彼女が実在するかもしれない可能性が少しでもあるのならば、話は別。

「宇髄。俺はな、諦めが悪いんだ」
「知ってるわ、そんなん。お前がもっと物分りの良いヤツだったら、今頃、見合い相手と結婚してんだろうよ。今でも催促されてるんだろ?親父さんに」
「うむ.....もう何度も縁談を断っているんだが、こればかりは致し方ないな。親心を考えれば、息子の行く先を不安に思うのも頷ける。思い返せば色恋沙汰が家族間の話題に上がったことも無い」
「うわ.....そりゃあ不安だろうな」
「一時期は男に気があるのではないかと家族会議にもなった。弟には、自分が煉獄の名を継ぐから安心してくれと肩を叩かれた。俺は我が弟を心の底から誇らしいと思うよ。
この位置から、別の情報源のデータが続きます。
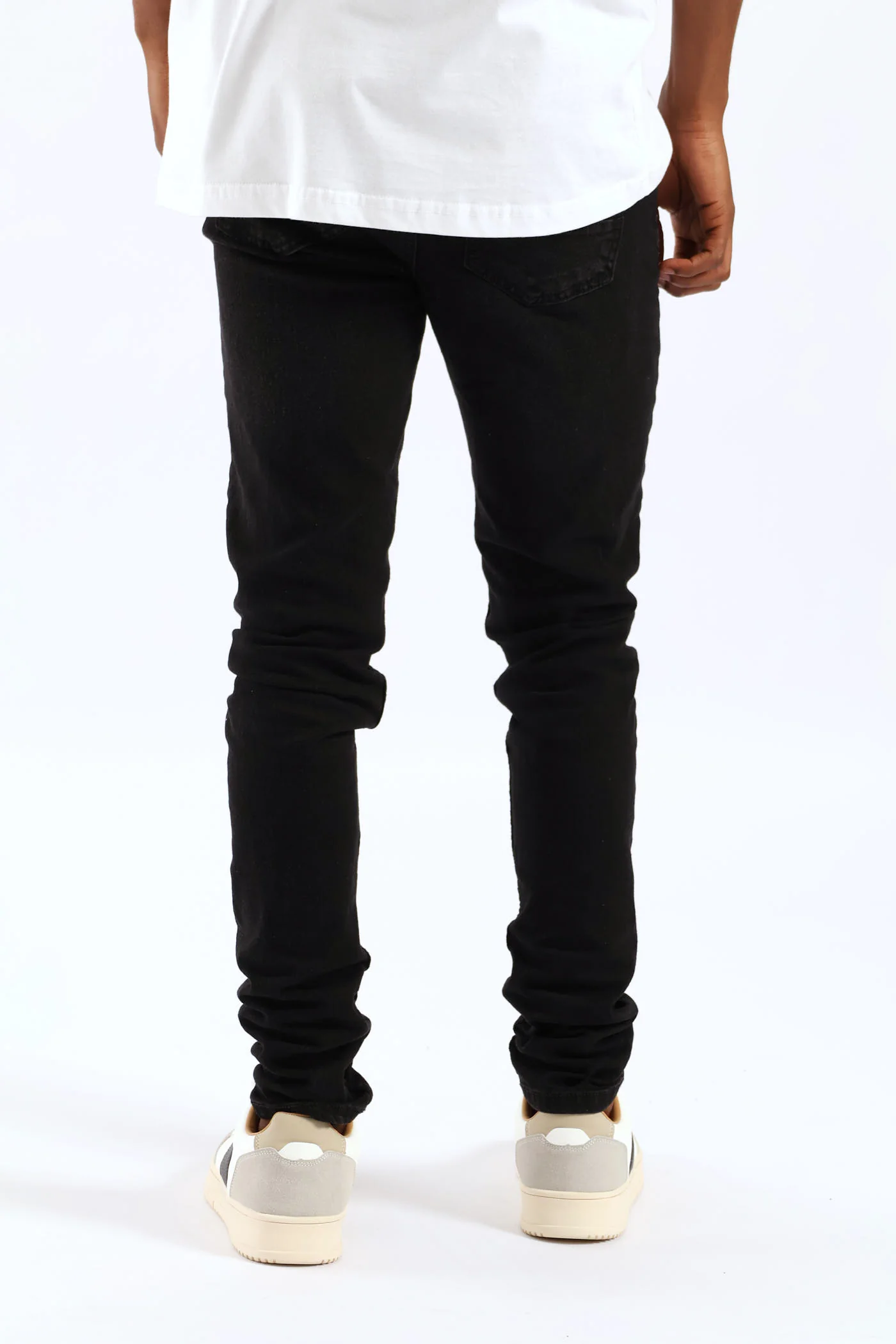 Super Skinny Basic Denim - Black - Image 4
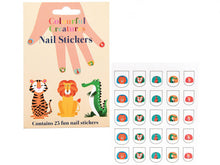 Load image into Gallery viewer, Nail Stickers &#39;&#39;Colourful Creatures&#39;&#39;
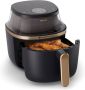 Philips 3000 Series Airfryer NA331 00 Kijkvenster RapidAir Plus 6.2L Tot 5 Personen Zwart - Thumbnail 3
まぁ、誤解なんだが」
「やべぇな」

昨夜の自分は、少し、どうかしていたかもしれないなと我ながら思う。
幼い頃、一度は経験があるだろう。
枕の下に見たい夢に連なる物を入れる、そんな幼稚で可愛らしいまじない。
それを、いい歳した大の大人が真面目に実行する、など、酒を飲み交わしながら話すネタにしても笑えない話である。
恥じ入るばかりだが、得たものは大きい。
会えた。
触れた。
触れられた。
例え夢の中であろうと、杏寿郎にとって、あの出来事は真実なのだ。
単なる妄想ではないと信じたい。

杏寿郎は、夢の中で確かに触れた、彼女の肌の感触を思い出す。
柔らかくて、温かくて、少ししっとりとしていたのは汗ばんでいたからだろうか。
もう一度触れたい。
けれど、もしもう一度触れることが出来たなら、きっとまた触れたくなるのだろう。
無論、都合良く夢の中で再び彼女に会えるなどとは考えていない。

ーーきっと、もう会えない。
ーー“夢の中”では。
ーーだから、俺は。


□■


鴉が鳴いている。

放課後、杏寿郎は学校の裏庭にいた。
校舎の裏には大きな山があり、たくさんの木々が生い茂っている。
ここ一帯は春になると、桜ーーによく似た桃の花が咲き乱れる。
だが、見た目は桜そっくりなので、実は桃の花なのだということを知る者は少ない。

鎹鴉が鳴いている。

放課後を報せる、鐘の音が聞こえる。
君と出会う為に生まれ落ちた。
運命論なんてものは都合が良過ぎるし、いっそ君の愛したあの男の生まれ変わりだと言えたら良かったのに、生憎、前世の記憶らしきものは頭の隅から隅まで探しても見つからない。
彼は彼、自分は自分。
同じ人間は二人として存在しない。

それでも「彼」は生まれ落ちる。
これは、嘘のようで、本当の話。